I think it's questionable to use the name of Frankenstein if you're not going to make an honest and good filmatization of the book. It feels like they only want to earn money from the name, and I feel that's wrong...


----------



## ravenus (Nov 12, 2004)

'Honest' has its limitations XQ. There's no point in just lifting the pages of a book and pasting them on screen unless you're making it for the benefit of illiterate people.

Every enterprise must have its creative freedom even if its an adaptation of another work...otherwise what's the point of doing it, just to satisfy a fanboy's ego?


----------



## Teresa Edgerton (Nov 12, 2004)

I don't remember Branagh's version being all that faithful to the original, but perhaps it got better as it progressed -- about halfway through it became so annoying that I stopped watching.  It really was quite overblown and dull.

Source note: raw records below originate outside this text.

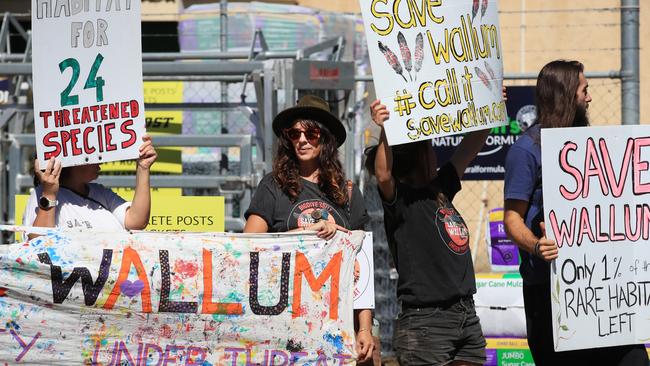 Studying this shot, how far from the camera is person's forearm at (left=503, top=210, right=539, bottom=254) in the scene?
14.8ft

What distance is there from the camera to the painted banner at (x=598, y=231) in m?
4.50

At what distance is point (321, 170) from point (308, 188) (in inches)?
4.4

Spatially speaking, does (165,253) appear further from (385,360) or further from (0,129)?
(0,129)

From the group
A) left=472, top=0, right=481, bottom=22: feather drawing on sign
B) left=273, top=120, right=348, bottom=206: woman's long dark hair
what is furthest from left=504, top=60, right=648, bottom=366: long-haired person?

But I don't think the stylistic problems mentioned in the review should be laid at Mary Shelley's door.  That's the way everyone wrote in the early 19th century, and compared to lots of other writers of the time her prose was pretty lean.  

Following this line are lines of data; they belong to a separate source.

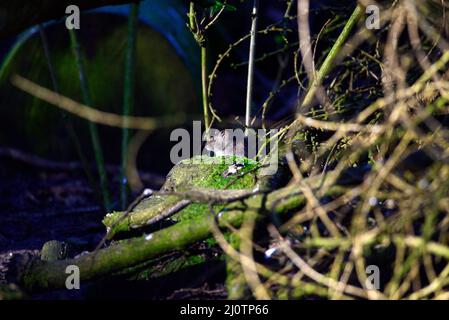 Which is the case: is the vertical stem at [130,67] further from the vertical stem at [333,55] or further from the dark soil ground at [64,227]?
the vertical stem at [333,55]

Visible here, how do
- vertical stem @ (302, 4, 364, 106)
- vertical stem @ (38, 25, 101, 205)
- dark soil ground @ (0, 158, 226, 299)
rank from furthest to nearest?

It is an amazing story, and it must have been even more amazing to people who hadn't grown up with the basic storyline as all of us have.

The question that has always intrigued me is whether Victor Frankenstein's great "sin" was in creating the monster, or, having done so, rejecting it -- or perhaps creating it when he must ultimately reject it.  It's hard not to feel sorry for the monster, but we only have its own account of certain events as evidence of its finer feelings.


----------



## Brian G Turner (Nov 13, 2004)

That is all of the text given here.